Te Huirangi Waikerepuru, Te Urutahi Waikerepuru (of Aotearoa New Zealand), Will Wilson and Richard Lowenstein have expressed interest. We are in contact with Santa Clara Pueblo and have invited Mayan participation.
At night, artworks are projected onto the exterior of buildings. The projections consist of a programmed selection of:
• projection works by leading artists
• visualization of energy data from humans
• audio works and music themed on light
• sculptures that use light are installed outdoors at night
During the day, the festival includes
• the creation of an energy labyrinth as a participatory art work in both construction and then walking the labyrinth. Activities include instructions on how to turn your phone into an electromagnetic field reader
• videos where shamans and senior representatives of cultural groups are paired with video students, to make short videos that reflect beliefs about light
• solar powered art works
• visualizations and sonifications of light energy
• activities and market stalls themed on light and sun in the day time
• sunflower painting for children; knowledge sharing of indigenous knowledge about growing sunflowers
• stories of the sun and the power of the sun
• solar powered objects and artefacts
• scientific stalls that express the Western science view of light – wave particle duality
• information stands expressing cultural viewpoints on light
• music themed on light
Intercreate.org projects and exhibitions
This page has introductory information about Intercreate.org projects, which include our biennial project SCANZ, exhibitions in Albuquerque, Istanbul, Rio and in Aotearoa New Zealand.
We are currently working on exhibition projects for Sydney, Albuquerque and Taos and Nga Motu New Plymouth. SCANZ 2015 will be themed Wai (water) and Peace, two significant issues facing humanity.
SCANZ 2013: 3rd nature exhibition
3rd nature at Puke Ariki integrated museum and library. To see works in the 3rd natureshow, click the image above.

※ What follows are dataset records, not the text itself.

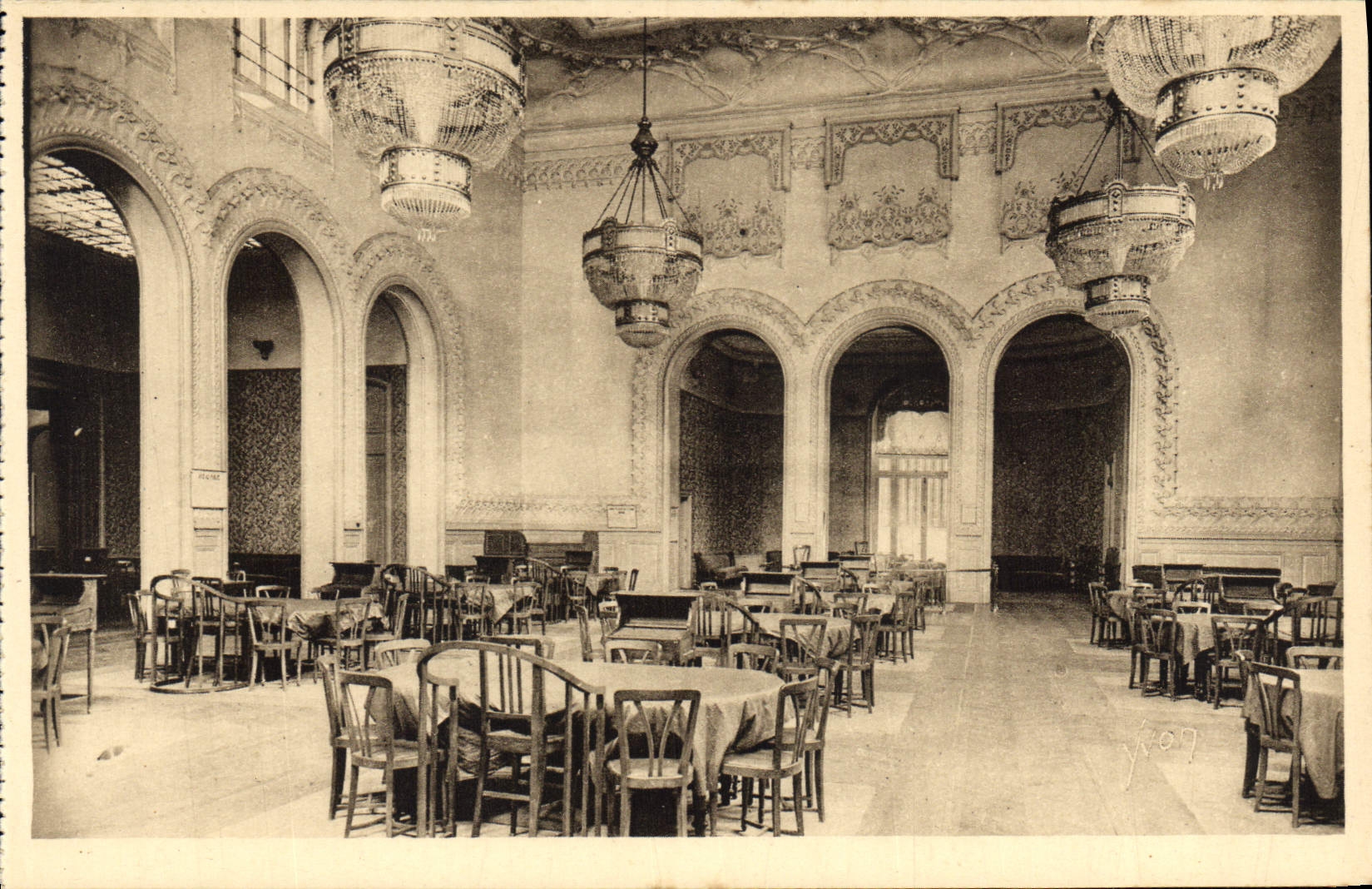 CPA Vichy Allier une Salle de Jeux du Grand Casino 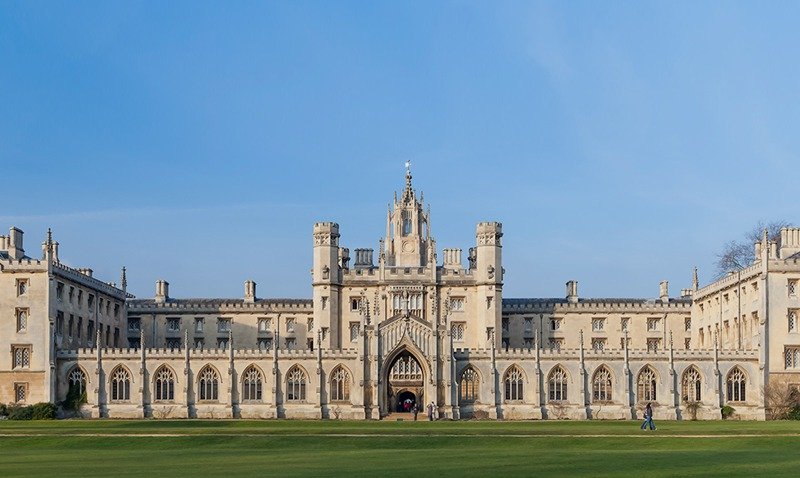 学校已与英国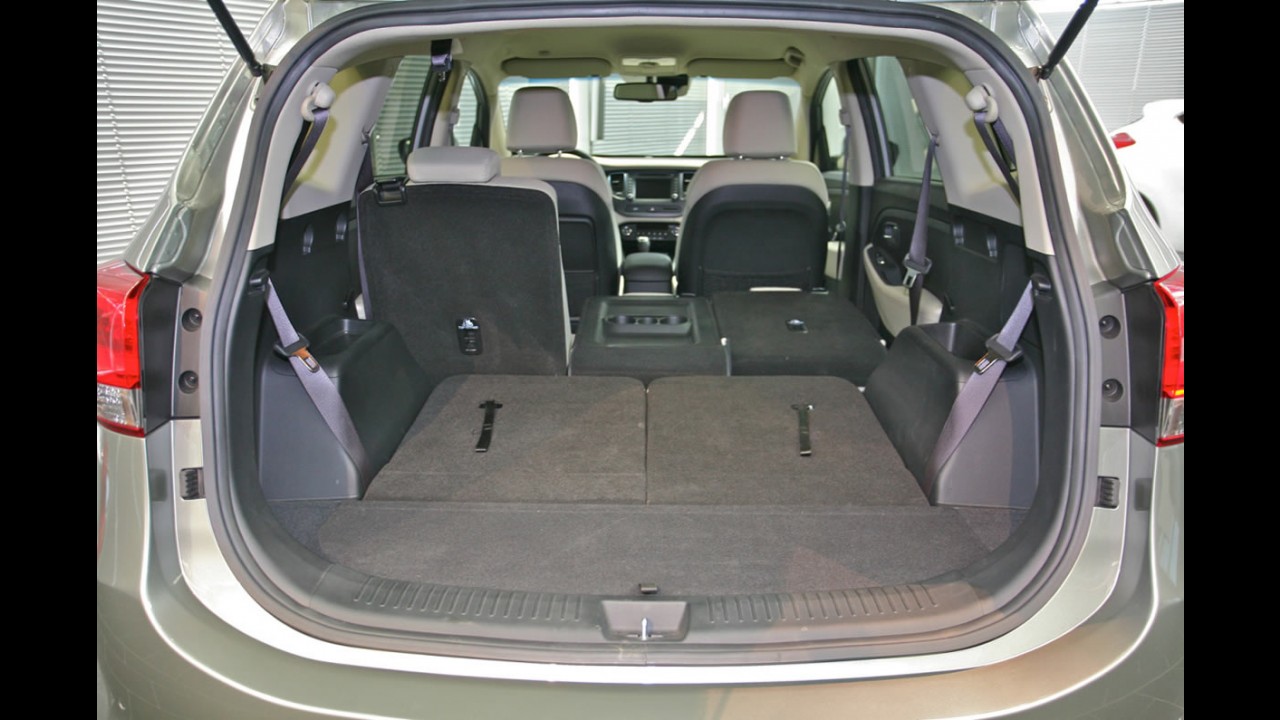 Kia Carens 2013: Novas imagens mostram detalhes do interior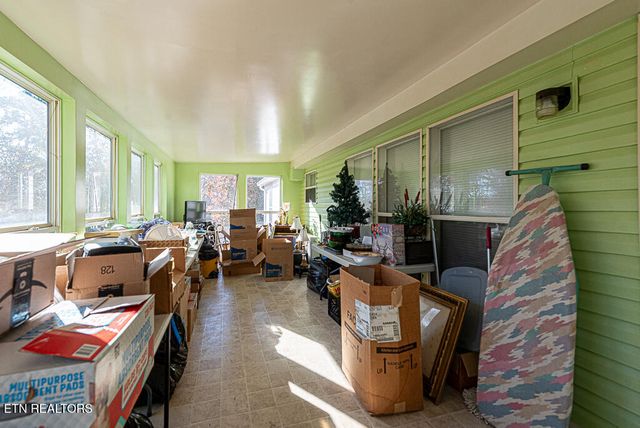 1835 SW Circle Drive, Cleveland, TN 37311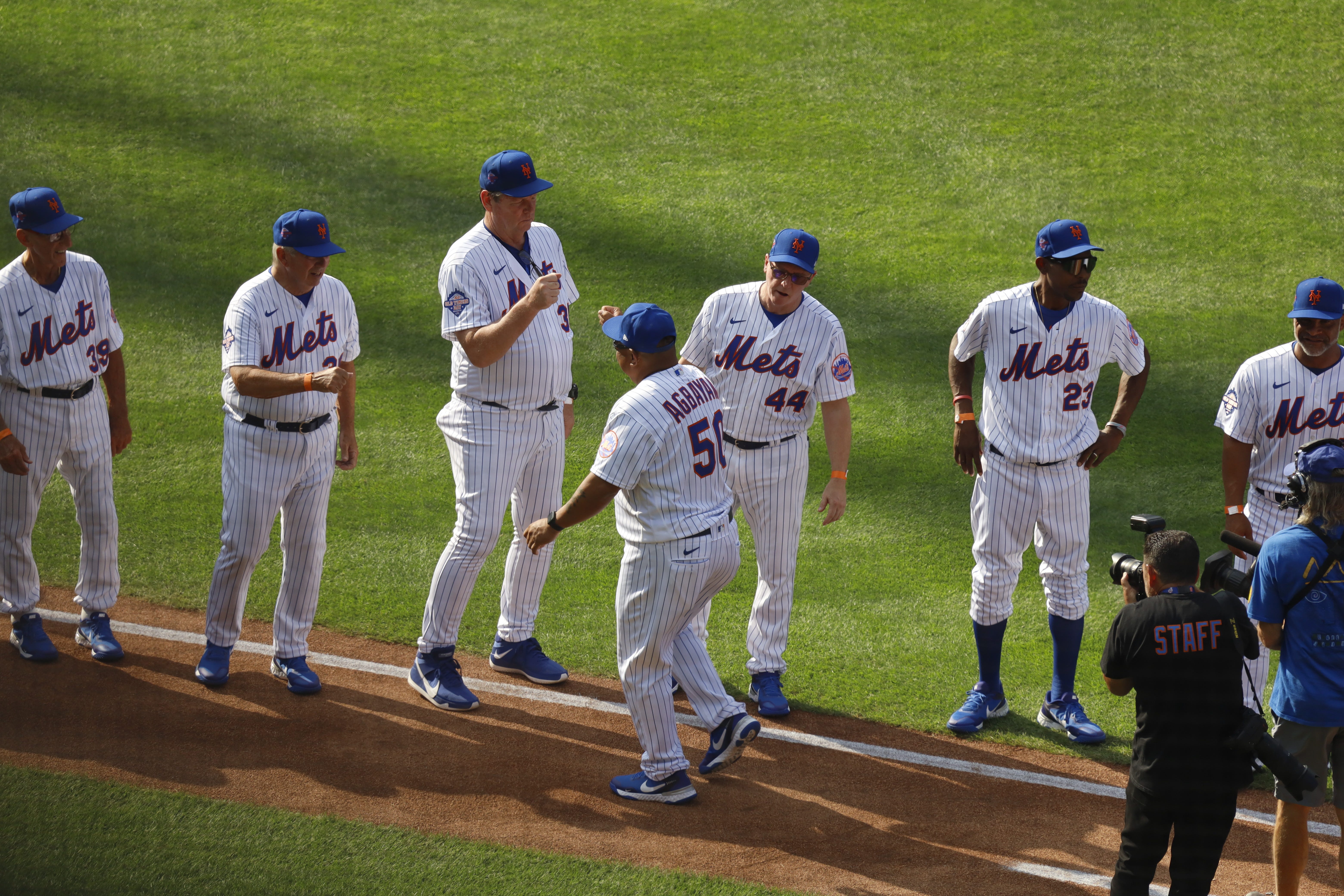 Mets celebrate Amazin' past with Old Timers' Day at Citi Field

Wai (for ISEA 2012 Albuquerque)
Water is essential for life, sacred to many indigenous peoples worldwide and endemic to natural processes. This project connects Maori cosmology, notions of integrated systems, Western art and science in order to reinvigorate our understanding of flow and water. The project reiterates the urgent need to engage with sustainable practices given climate change. It also underlines the importance of listening to the indigenous voice on the environment.
The Wai (Maori for water or flow) project uses technology to connect distant spaces and cultures around the theme of water. Water holds significance for Maori of New Zealand Aotearoa, Navajo/Dine in New Mexico and neighboring regions, and is essential to survival. Isleta Pueblo, Navajo/Dine and Maori ceremonies will be performed as part of the dawn opening for the exhibition.
The project is led by Te Huirangi Waikerepuru and curated by Ian Clothier. It will open September 19th at 516 Arts in Albuquerque. A collective of people spanning four countries and many cultures – Aotearoa New Zealand, USA, Australia, India and representatives of indigenous peoples -are presenting an interconnected project. The collective is known as Te Hunga Wai Tapu (the people for whom water is sacred).
Te Kore Rongo Hungaora Uncontainable Second Nature
Te Kore Rongo Hungaora Uncontainable Second Nature was a project of ISEA 2011 Istanbul. A travelling version has since been formed, for exhibition in Rio de Janeiro.
The exhibition crosses cultural and discipline boundaries. The location of five themes from within European and Maori world views, provides a framework with which to construct a cultural bridge between Maori and European of New Zealand. Culture is usually presented separated and distinct; given the intercultural bridge, works from art and science are recontextualised as cultural texts symbolic of belief systems. Discipline is not fixed, but fluid in a transformational environment. In the exhibition, digital and post-digital exist in a state of hybridity.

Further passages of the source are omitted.